Difference from Existing Work. We clarify why FL with noisy labels is problematic; the client-to-client performance discrepancy hinders the use of existing robust methods in the label noise community into FL. Although a few robust methods have been proposed, this problem has been overlooked. In this paper, we thus bridge the two different topics to improve overall robustness by introducing $k$ -reliable neighbors such that they deliver credible information to the clients. Moreover, compared to all aforementioned robust methods, \algname mainly focuses on identifying reliable neighbor clients for sample selection, which does not require any unrealistic supervision, such as a clean validation set or knowledge of true noise rates per client.

3. Preliminaries

A multi-class classification problem requires training data $\mathcal{D}=\{(x_{i},y^{*}_{i})\}_{i=1}^{|\mathcal{D}|}$ , where $x$ is a training example with its ground-truth label $y^{*}$ . However, noisy training data $\tilde{\mathcal{D}}=\{(x_{i},\tilde{y}_{i})\}_{i=1}^{|\mathcal{D}|}$ may have corrupted labels such that $\tilde{y}_{i}\neq y^{*}_{i}$ for some $i$ . We herein briefly summarize the conventional learning pipeline for (i) standard federated learning and (ii) robust learning with sample selection.

•

Federated Learning (FedAvg): It is assumed that each client ${\sf i}$ has its own Non-IID dataset $\mathcal{D}_{\sf i}$ (i.e., $\mathcal{D}=\cup_{\sf i}\{\mathcal{D}_{\sf i}\}$ ), and cannot directly access another client’s data. Therefore, a global model $\Theta_{{\sf global}}$ is trained by alternating the local update and model aggregation phase.

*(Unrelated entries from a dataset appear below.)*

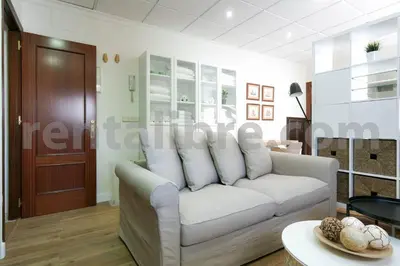 a living room with a white couch and a table at Loft24Sanlúcar in Sanlúcar de Barrameda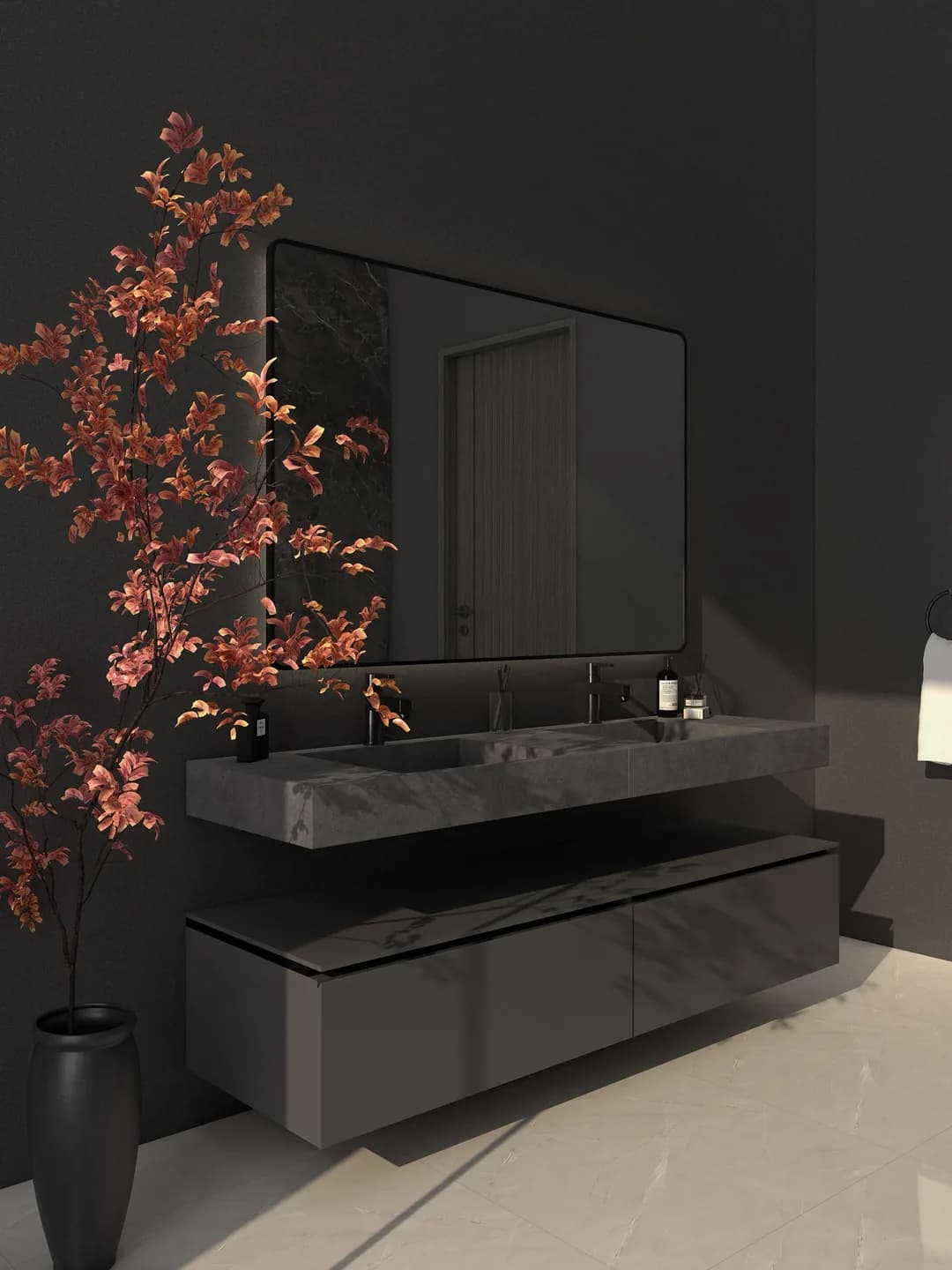 Rendu 3D d’une salle de bains sombre : double vasque en pierre grise, meuble suspendu, grand miroir, branche de cerisier en fleurs.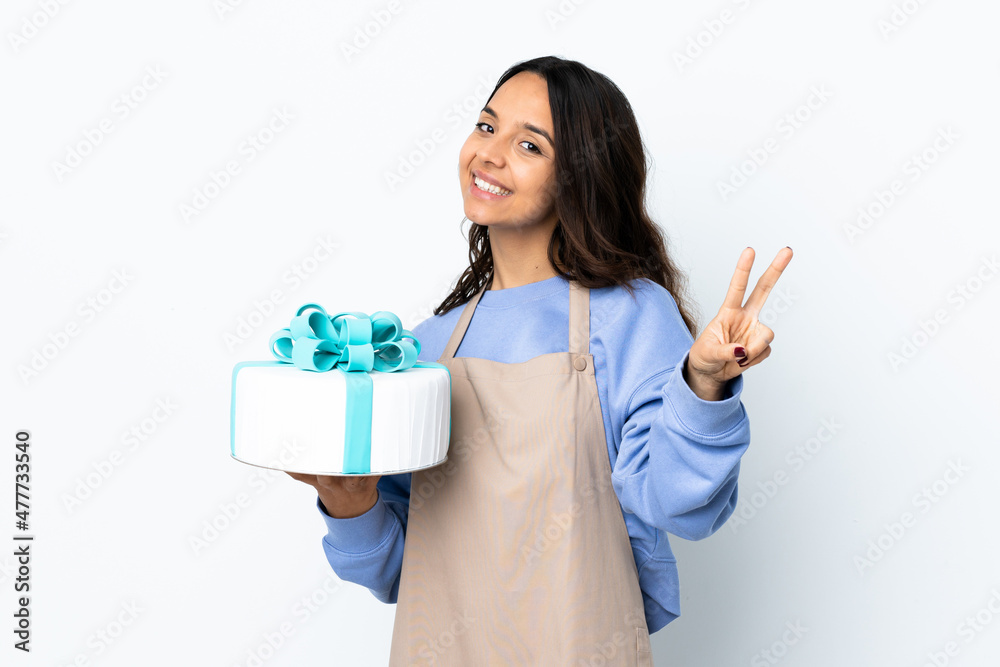 Pastry chef holding a big cake over isolated white background smiling and showing victory sign Pastry chef holding a big cake over isolated white background smiling and showing victory sign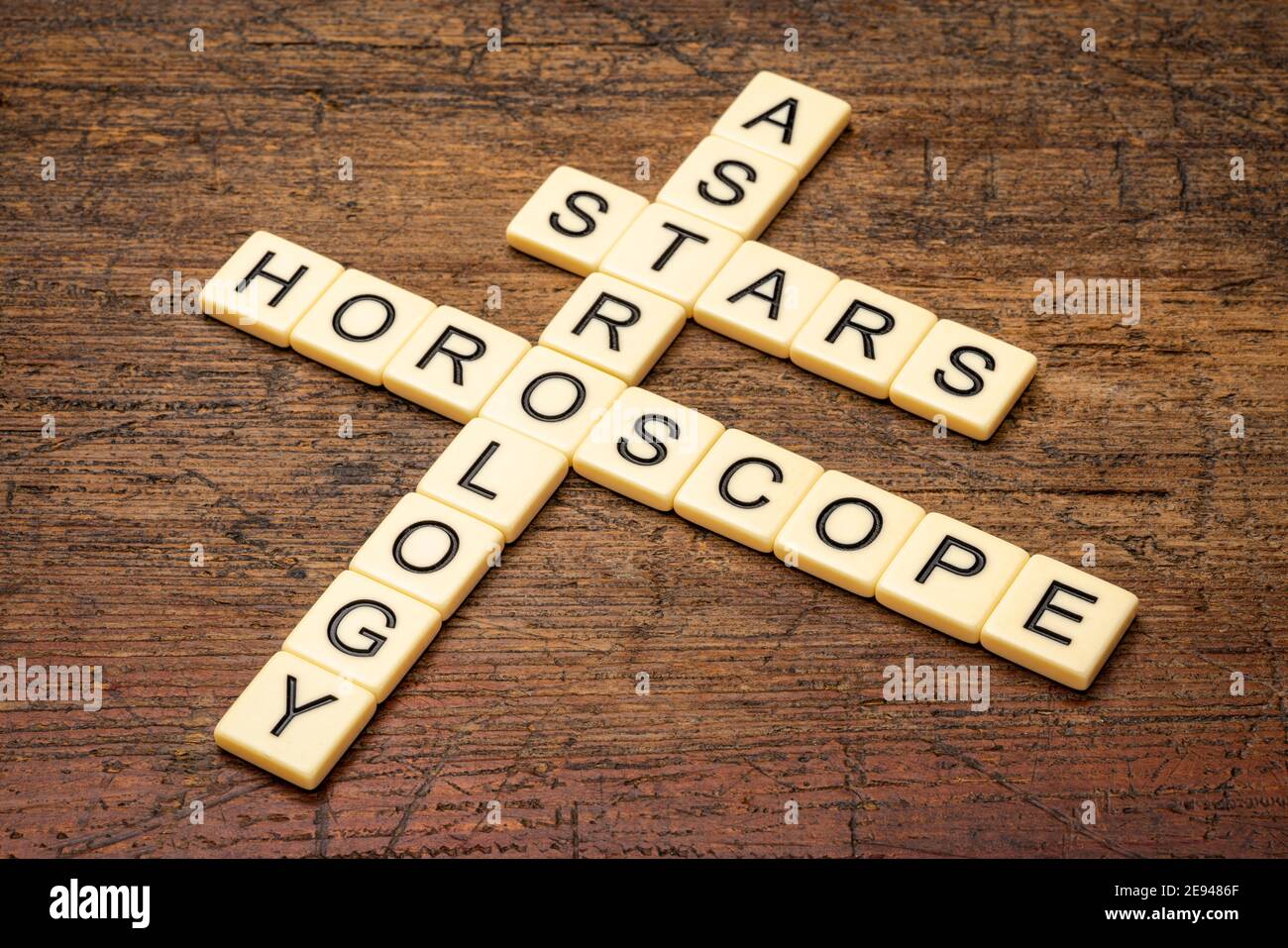 Astrologie, Sterne und Horoskop Kreuzworträtsel in Elfenbein Buchstaben Fliesen gegen rustikal verwitterten Holz Stockfoto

During the local update phase, a fixed number of target clients $\mathcal{M}$ are selected from the entire client pool. For each target client ${\sf c}\!\in\!\mathcal{M}$ , all the other clients are defined as its neighbors ${\sf n}\!\in\!\mathcal{N}_{{\sf c}}$ . Next, the target client’s local model $\Theta_{\sf c}$ is trained on its own data $\mathcal{D}_{\sf c}$ for certain local epochs with the standard stochastic gradient decent (McMahan et al., 2017). All the trained models for $\mathcal{M}$ are then received and averaged by the server in the model aggregation phase,

(1)

\Theta_{{\sf global}}\leftarrow\sum_{{\sf c}\in\mathcal{M}}w_{\sf c}\Theta_{{\sf c}},~{}{\rm where}~{}w_{\sf c}=\frac{|{\mathcal{D}}_{{\sf c}}|}{\sum_{{\sf c}^{\prime}\in\mathcal{M}}|{\mathcal{D}}_{{\sf c}^{\prime}}|}

where $w_{\sf c}$ is the aggregation weight that is based on the data size of each client. Lastly, the updated global model is broadcasted to the clients. This training round is called a transmission round and is repeated until convergence.

•

Robust Learning with Sample Selection: Many recent robust approaches have adopted sample selection, which treats a certain number of small-loss examples as the clean set (Han et al., 2018; Yu et al., 2019; Li et al., 2020; Song et al., 2021). In the centralized scenario, given a noisy mini-batch $\tilde{\mathcal{B}}$ ( $\subset\tilde{\mathcal{D}}$ ), the clean subset $\mathcal{S}$ is identified and used to directly update the global model $\Theta_{\sf global}$ ,

(2)

\!\Theta_{\sf global}\!\leftarrow\Theta_{\sf global}-\eta\nabla\frac{1}{|\mathcal{S}|}\!\sum_{x\in\mathcal{S}}\!\ell(x,\tilde{y};\Theta_{\sf global}),

where $\eta$ is the learning rate and $\ell$ is a certain loss function. The remaining examples (mostly large-loss examples) in the mini-batch are excluded to pursue robust learning.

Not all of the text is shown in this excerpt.